Soupir... C’est du gros boulot que d’arriver à se défaire d’une emprise comme celle-là. Tiens, pour me réconforter je vais relire Huis clos et ricaner en savourant les flèches venimeuses d’Inès à l’endroit de cette pauvre Estelle. Rire... ou bien pleurer ?

jeudi 1 décembre 2011

La correction négative

Jusqu’à présent, mes billets ont été rédigés avec l’intention d’établir le personnage de l’imposteure en exposant ses origines. Un personnage qui a mis des années à se construire sur la base de croyances tenaces et de quêtes obsessionnelles, qui a pris des proportions démesurées et qui aujourd’hui tient le premier rôle dans ma vie. Avant d’entamer la portion anecdotique de la manifestation de mon syndrome, je souhaite aborder un dernier thème central à l'imposteure : la correction négative.

Ce billet aurait pu s’intituler « recherche compulsive de la perfection » mais je préfère employer le terme « correction négative », puisqu’il me rappelle les dictées de mon enfance. En fait, je vis une évaluation constante. Du levé au couché, du lundi au dimanche, du mois de janvier au mois de décembre, sans oublier les nombreux bilans de vie... de quoi vous rendre complètement dingue ! Vous vous demandez sûrement « mais qui l’évalue au juste ? ». Et bien moi... et surtout, les autres.

Pour me sentir à ma place, pour me valider comme fille « qui a rapport » dans son rôle de mère, dans sa job, dans ses interactions sociales, dans ses choix et dans la vie en général, je dois TOUJOURS obtenir une note parfaite. Je commence chaque journée avec un score de 100 % et au fil des heures, je perds des points, j’en regagne, j’en reperds etc. mais je termine rarement avec un score satisfaisant. Et même les journées remplies de bons coups finissent par être assombries par ce que je considère être des gaffes ou des erreurs monumentales. Des trucs mineurs mais qui dans ma tête, se transforment en scénarios de fin du monde !

C’est que dans le petit monde de Catherine Masson, un -1 à la dictée s’avère certainement un détail anodin pour le commun des mortels. Des dents croches -1, impatience avec mes enfants -1, un texte à retravailler -1, un deadline manqué -1, une engueulade avec mon chum -1, seulement 5km de jogging -1, une poutine...-10 !
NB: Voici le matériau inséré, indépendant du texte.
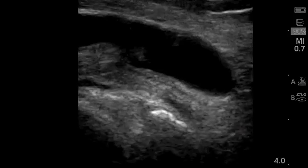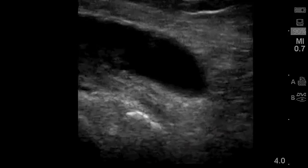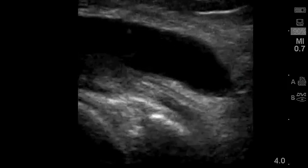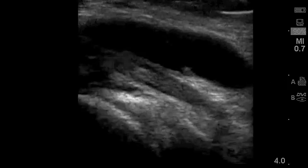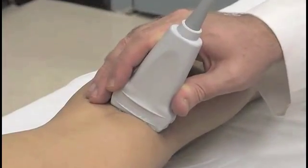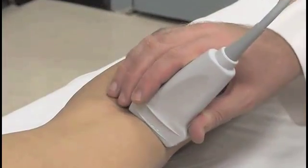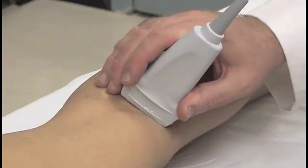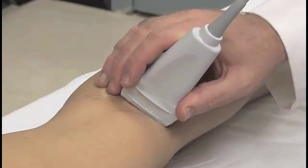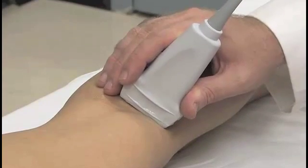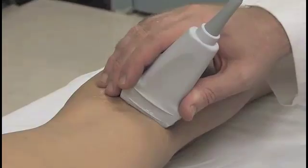Slide the probe caudally to visualize the inferior margin of the cyst, which should be distinct and smooth. Although ultrasound-guided aspiration of a Baker's cyst is not definitive treatment for the condition, it may be useful to temporarily alleviate symptoms and is a commonly performed procedure.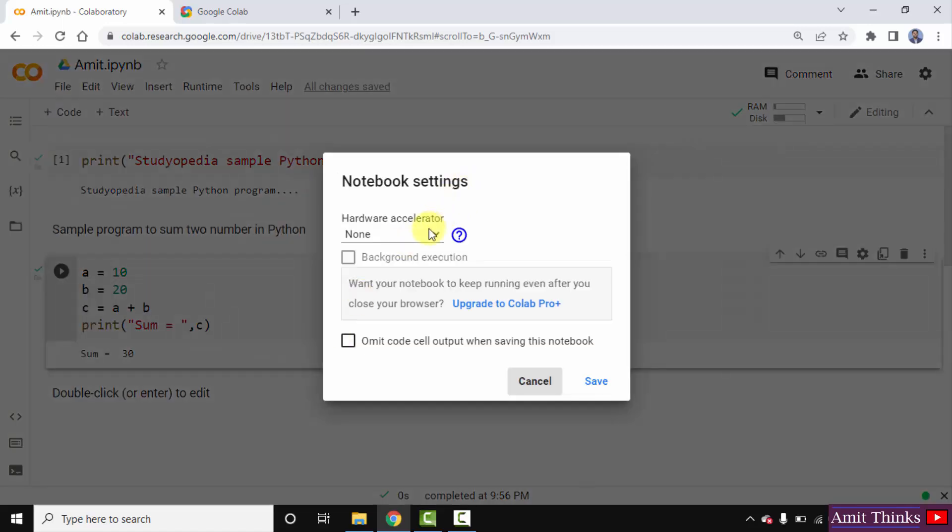Right now, we have just started with Colab. So, the notebook setting is none. If you are running sample basic programs, you can keep it none.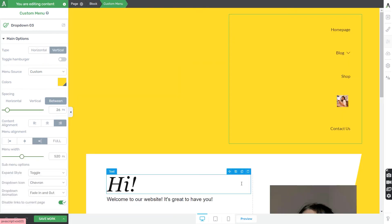That was it for the custom menu element. I hope you found this video useful and easy to follow.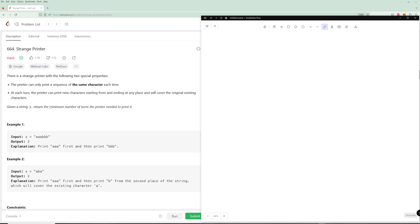Hello and welcome to another video. Today we're going to be working on Strange Printer. In this problem, you have a strange printer with the following special properties: the printer can only print a sequence of the same character each time and at each turn. The printer can print new characters starting from and ending at any place, and it will cover the original existing characters. Given a string S, return the minimum number of turns the printer needs to print.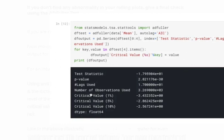After applying the ADF Fuller test we get multiple outputs: a test statistic, p-value, number of observations used, and critical values at 1%, 5%, and 10% significance levels. The ADF Fuller test is a null hypothesis test which assumes that a unit root exists for the particular time series. Since it implements a hypothesis test, if the time series is stationary the test statistic has to be lower than the chosen critical value. The critical value at 1% is -3.4, at 5% is -2.8, and at 10% is -2.56. The test statistic is -1.79, which is greater than all these critical values. Hence this particular time series is not stationary.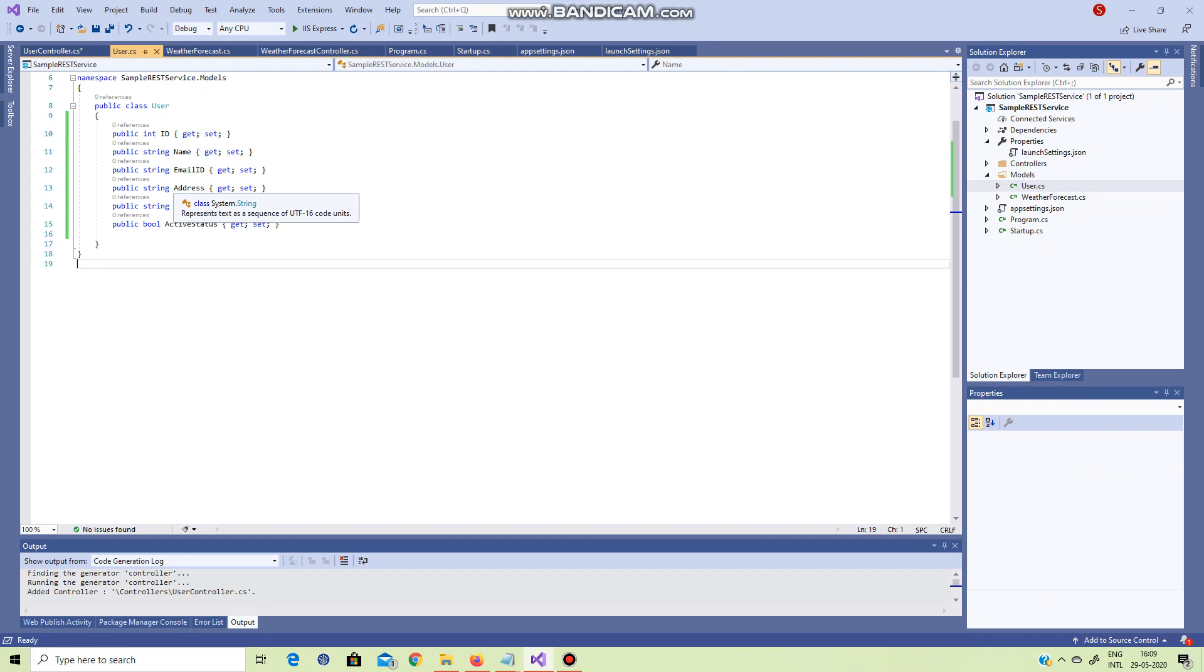The model is available in the database. First, model I use, model I create. So that one is code-based approach. Another one is you generate one database. This is one of the methods, database first.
La correction négative est devenue un handicap majeur dans ma vie. Parce qu’en plus de me l’imposer constamment, je ressasse « mes erreurs » jusqu’à épuisement. Au lieu de me dire « OK, c’était moyen mais c’est pas grave, je ferai mieux la prochaine fois », j’analyse et je décortique ad nauseam, jusqu’à me donner des migraines et à me causer de l’insomnie. Parce que « les erreurs » entachent ma dictée et me privent du score parfait qui valide ma compétence et ma pertinence, provoquant à tout coup une terrible remise en question et un torrent d’anxiété.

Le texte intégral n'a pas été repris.